L’action humanitaire, acteur du développement durable

par Pierre Arnault

Il est des lectures de vacances qui donnent à réfléchir pour l’année – ou les années – qui suivent. C’est le cas de La justice dans la peau, géopolitique de l’action humanitaire, publié cette année. L’auteur, Denis Viénot, nous emmène dans un tour du monde de ceux qui souffrent, des faibles, mais aussi de ceux qui luttent, qui relèvent la tête dans et après les catastrophes.

Secrétaire général du Secours Catholique/Caritas France de 1991 à 1998, président de Caritas Europa de 1999 à 2005 puis, de 2005 à 2007, de Caritas Internationalis, Denis Viénot expose un large panorama d’actions menées dans le monde par le réseau Caritas, tant pour répondre à l’urgence qu’au développement ou au plaidoyer (action auprès des institutions internationales et des gouvernements). Cet ouvrage fourmille d’informations, d’analyses qui aident à mieux comprendre la situation dans de nombreux pays.

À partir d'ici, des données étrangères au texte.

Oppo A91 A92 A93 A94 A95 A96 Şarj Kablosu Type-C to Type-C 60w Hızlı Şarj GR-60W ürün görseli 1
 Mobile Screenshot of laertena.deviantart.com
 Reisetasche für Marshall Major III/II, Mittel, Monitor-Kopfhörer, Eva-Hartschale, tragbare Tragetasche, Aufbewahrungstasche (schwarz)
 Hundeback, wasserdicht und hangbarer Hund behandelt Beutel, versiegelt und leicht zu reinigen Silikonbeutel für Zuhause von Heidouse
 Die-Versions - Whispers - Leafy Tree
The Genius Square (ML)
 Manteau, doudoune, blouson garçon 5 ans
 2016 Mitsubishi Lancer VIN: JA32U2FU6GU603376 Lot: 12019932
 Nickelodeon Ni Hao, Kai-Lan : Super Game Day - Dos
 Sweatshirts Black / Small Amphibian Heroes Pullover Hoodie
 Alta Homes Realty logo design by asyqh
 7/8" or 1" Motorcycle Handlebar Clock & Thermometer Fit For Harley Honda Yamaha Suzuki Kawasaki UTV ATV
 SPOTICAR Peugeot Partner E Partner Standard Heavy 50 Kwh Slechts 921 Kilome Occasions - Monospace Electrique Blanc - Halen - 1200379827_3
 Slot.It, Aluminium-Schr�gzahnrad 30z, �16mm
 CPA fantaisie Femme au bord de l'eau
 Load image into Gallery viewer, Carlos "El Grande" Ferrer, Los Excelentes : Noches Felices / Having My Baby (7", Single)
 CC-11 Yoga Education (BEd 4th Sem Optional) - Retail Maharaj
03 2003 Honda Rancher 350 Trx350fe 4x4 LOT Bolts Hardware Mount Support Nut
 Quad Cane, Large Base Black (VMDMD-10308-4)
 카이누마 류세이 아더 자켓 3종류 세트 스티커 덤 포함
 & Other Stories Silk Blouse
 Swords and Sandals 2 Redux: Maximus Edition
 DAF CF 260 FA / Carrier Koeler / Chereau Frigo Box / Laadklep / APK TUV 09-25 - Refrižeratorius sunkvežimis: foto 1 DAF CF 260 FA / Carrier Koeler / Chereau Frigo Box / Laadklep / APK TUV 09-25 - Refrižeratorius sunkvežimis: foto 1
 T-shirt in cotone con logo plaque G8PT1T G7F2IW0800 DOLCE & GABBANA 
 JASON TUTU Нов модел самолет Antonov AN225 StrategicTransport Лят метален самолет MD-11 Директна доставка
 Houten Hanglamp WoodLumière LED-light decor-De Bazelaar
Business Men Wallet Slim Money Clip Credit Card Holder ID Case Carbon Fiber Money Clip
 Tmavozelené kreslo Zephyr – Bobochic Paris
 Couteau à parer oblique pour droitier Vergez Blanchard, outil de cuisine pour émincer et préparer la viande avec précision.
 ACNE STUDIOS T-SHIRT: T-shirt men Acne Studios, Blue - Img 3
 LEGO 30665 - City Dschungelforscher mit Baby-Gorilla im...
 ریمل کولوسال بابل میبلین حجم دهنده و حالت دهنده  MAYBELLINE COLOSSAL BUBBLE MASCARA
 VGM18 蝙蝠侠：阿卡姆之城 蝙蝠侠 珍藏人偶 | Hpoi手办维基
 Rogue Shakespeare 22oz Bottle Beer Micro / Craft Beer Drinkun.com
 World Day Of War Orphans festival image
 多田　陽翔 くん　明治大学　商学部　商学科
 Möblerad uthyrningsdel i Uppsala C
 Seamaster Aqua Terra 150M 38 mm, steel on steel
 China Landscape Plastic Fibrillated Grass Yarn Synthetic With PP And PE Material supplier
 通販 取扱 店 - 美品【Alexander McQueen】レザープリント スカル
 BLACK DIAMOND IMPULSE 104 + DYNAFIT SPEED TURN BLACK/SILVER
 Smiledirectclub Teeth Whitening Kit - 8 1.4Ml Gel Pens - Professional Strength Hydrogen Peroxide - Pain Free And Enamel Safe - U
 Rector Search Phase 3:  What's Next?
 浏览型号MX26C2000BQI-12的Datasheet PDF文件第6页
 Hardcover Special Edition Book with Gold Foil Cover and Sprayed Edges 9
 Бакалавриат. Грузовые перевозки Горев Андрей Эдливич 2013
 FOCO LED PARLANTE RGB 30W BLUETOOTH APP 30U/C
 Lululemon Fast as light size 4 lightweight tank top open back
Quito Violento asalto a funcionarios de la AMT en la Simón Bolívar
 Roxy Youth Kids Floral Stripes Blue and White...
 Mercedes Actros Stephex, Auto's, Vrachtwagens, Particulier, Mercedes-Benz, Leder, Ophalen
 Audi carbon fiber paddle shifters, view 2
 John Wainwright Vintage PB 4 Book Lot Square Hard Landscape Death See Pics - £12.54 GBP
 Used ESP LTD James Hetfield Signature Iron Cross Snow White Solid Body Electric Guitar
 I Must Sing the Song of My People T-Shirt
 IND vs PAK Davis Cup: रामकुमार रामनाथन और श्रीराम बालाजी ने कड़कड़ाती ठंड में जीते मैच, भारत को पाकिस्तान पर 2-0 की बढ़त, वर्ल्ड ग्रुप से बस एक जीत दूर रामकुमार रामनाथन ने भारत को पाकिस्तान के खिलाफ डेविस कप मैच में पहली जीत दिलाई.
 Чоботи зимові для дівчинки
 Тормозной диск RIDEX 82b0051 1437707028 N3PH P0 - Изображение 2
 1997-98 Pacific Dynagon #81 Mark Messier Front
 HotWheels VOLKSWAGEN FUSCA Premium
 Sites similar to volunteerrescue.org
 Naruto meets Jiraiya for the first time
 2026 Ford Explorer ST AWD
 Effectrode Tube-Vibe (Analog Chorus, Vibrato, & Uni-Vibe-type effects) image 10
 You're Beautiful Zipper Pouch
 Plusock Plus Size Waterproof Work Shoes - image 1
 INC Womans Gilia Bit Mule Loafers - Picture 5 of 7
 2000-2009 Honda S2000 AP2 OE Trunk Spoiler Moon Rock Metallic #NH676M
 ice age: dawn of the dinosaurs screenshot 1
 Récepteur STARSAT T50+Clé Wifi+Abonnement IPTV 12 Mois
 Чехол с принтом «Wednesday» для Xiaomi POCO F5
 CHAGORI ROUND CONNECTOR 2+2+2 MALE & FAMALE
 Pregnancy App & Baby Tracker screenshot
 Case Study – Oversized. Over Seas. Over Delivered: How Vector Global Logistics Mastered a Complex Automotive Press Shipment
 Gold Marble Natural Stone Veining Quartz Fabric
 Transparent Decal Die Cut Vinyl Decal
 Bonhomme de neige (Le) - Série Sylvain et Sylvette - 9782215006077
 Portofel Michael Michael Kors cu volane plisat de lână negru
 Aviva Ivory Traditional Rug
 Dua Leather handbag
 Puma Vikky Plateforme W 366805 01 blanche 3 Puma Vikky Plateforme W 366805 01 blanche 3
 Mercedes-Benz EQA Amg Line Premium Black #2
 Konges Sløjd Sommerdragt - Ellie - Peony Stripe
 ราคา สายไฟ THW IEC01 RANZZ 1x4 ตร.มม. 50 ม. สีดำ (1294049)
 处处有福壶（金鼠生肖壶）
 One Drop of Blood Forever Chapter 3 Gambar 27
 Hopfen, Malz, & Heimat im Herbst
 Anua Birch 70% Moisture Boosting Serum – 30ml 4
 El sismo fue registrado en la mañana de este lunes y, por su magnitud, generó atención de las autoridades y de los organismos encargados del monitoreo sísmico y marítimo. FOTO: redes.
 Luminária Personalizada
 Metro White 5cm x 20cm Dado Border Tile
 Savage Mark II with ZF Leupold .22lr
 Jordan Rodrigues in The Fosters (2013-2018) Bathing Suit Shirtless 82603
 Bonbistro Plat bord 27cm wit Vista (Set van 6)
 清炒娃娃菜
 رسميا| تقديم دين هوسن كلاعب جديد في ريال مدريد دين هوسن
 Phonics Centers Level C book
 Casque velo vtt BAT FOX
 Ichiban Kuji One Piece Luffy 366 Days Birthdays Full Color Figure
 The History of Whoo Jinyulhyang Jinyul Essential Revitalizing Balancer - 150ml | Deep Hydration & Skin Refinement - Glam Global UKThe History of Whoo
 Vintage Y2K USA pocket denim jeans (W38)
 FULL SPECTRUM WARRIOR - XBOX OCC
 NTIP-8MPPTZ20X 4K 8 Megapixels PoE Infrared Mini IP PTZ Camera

Parmi les nombreuses actions et pistes d’actions, les constats sans concession, figure le secteur agricole. En effet, des milliers de programmes agricoles se réalisent dans le monde grâce à des ONG, notamment le réseau Caritas Internationalis, au plus près des populations en s’appuyant sur leur expérience, par exemple dans le Nord-Est du Brésil où les programmes portent sur l’approvisionnement en eau potable, la récupération des sols, des techniques adaptées, la lutte contre la famine et l’exclusion sociale.

Denis Viénot attire l’attention sur les achats de terres par des sociétés étrangères qui détruisent des équilibres agricoles précaires mais essentiels pour les populations locales. La société sud-coréenne Daewo a “loué” pour 99 ans 1,03 million d’hectares auprès des pouvoirs publics de Madagascar pour cultiver des céréales et de l’huile de palme destinées à l’exportation. Par ailleurs, il souligne l’échec des cultures de substitution : un paysan afghan gagne 13 000 $ par ha en cultivant du pavot, contre 400 $ avec le blé.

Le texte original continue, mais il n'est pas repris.